TO DO »
Reproduce all of the entries character for character, while leaving out any pictures they contain.

+++ EXERCISE DATA +++

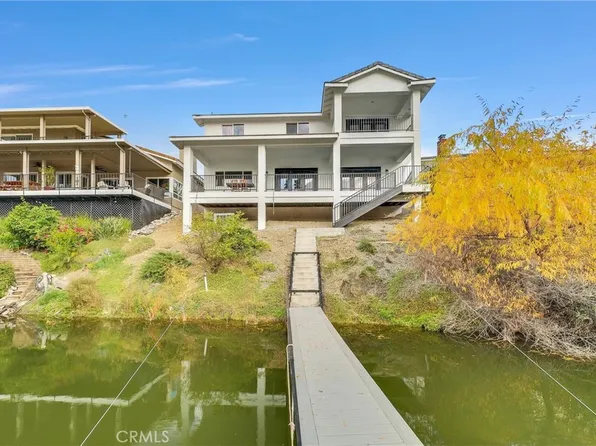 30169 Cove View St, Canyon Lake, CA 92587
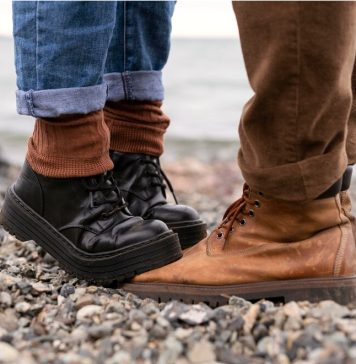 Как носить мужские ботинки с костюмом: дресс-код и стиль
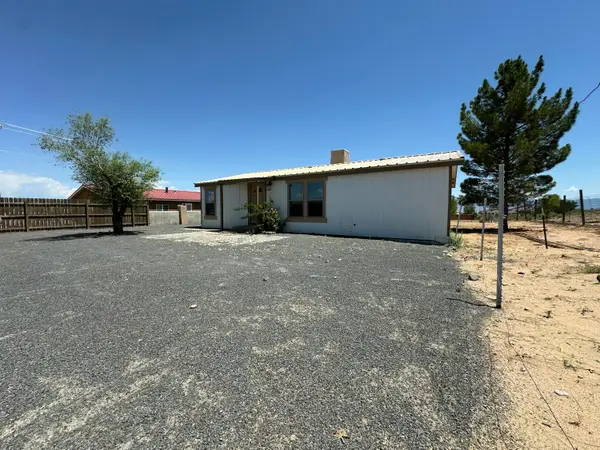 1006 26th Street Sw, Rio Rancho, NM 87124
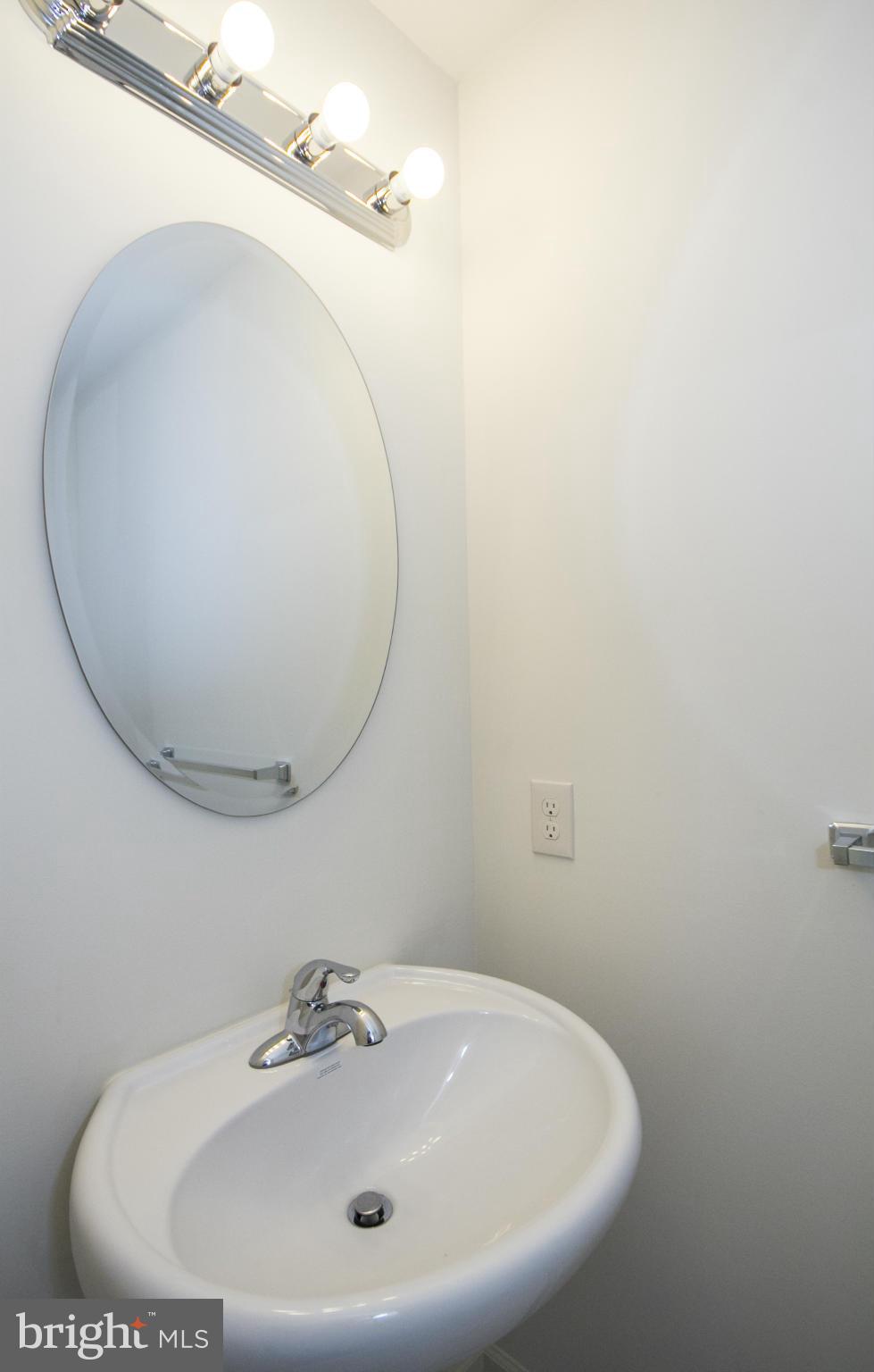 1009 Wampler Road Baltimore, MD 21220 - Photo 7 of 14 Bath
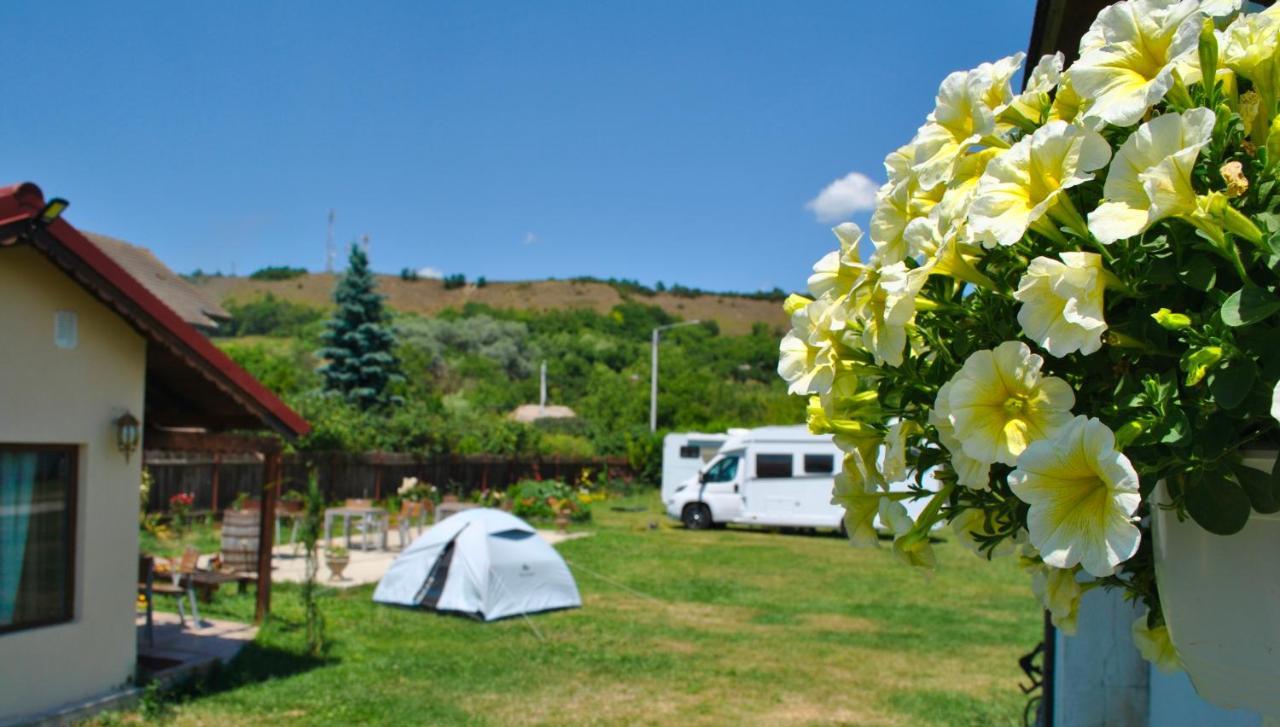 Отель Camping La Foisor Турда Экстерьер фото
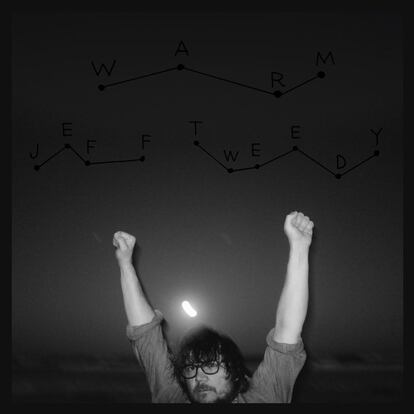 Jeff Tweedy, líder de Wilco, rompe su silencio por partida doble: un libro de memorias, 'Let’s Go (So We Can Get Back)', y un nuevo disco en solitario, 'Warm', donde le respalda a la batería su hijo Spencer y Glenn Kotche, un disco que pone fondo musical a lo leído y anuncia una nueva etapa.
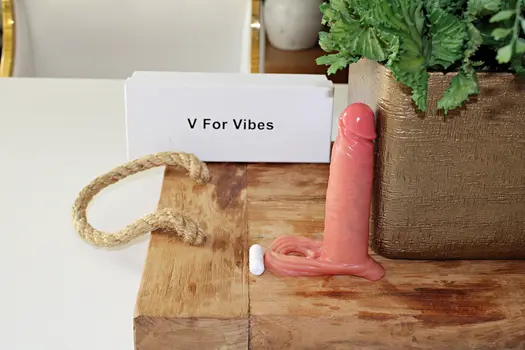 Saturn Penis Extender: Enhanced Pleasure with Vibrating Bullet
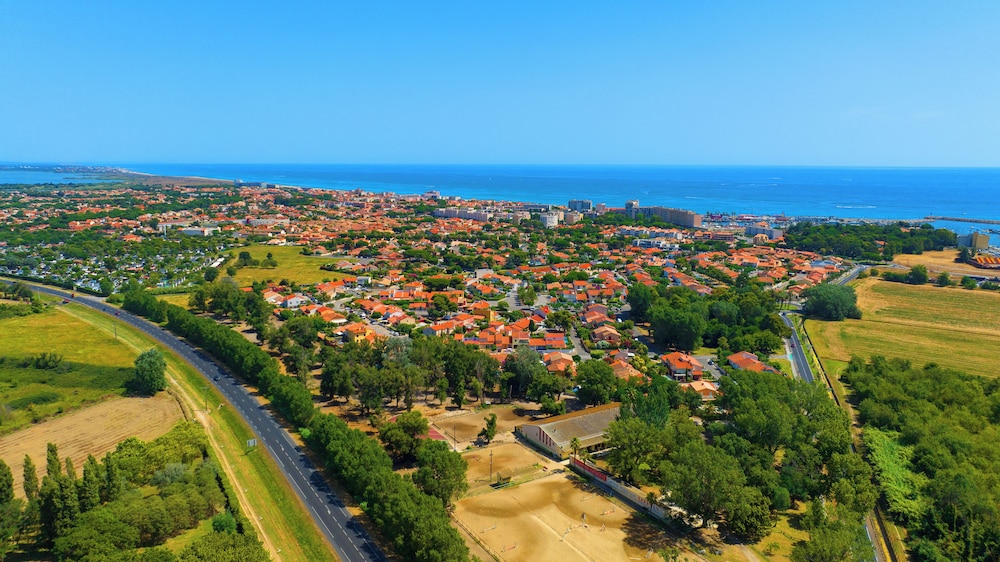 Residence Azureva Saint Cyprien 30/36
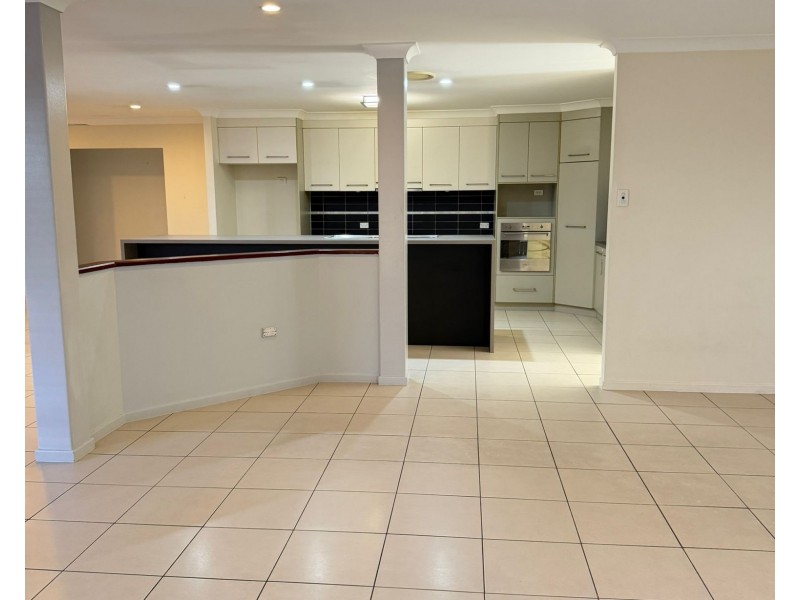 13 Kensington Court, Glenella QLD 4740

+++

RESPONSE »
 30169 Cove View St, Canyon Lake, CA 92587
 Как носить мужские ботинки с костюмом: дресс-код и стиль
 1006 26th Street Sw, Rio Rancho, NM 87124
 1009 Wampler Road Baltimore, MD 21220 - Photo 7 of 14 Bath
 Отель Camping La Foisor Турда Экстерьер фото
 Jeff Tweedy, líder de Wilco, rompe su silencio por partida doble: un libro de memorias, 'Let’s Go (So We Can Get Back)', y un nuevo disco en solitario, 'Warm', donde le respalda a la batería su hijo Spencer y Glenn Kotche, un disco que pone fondo musical a lo leído y anuncia una nueva etapa.
 Saturn Penis Extender: Enhanced Pleasure with Vibrating Bullet
 Residence Azureva Saint Cyprien 30/36
 13 Kensington Court, Glenella QLD 4740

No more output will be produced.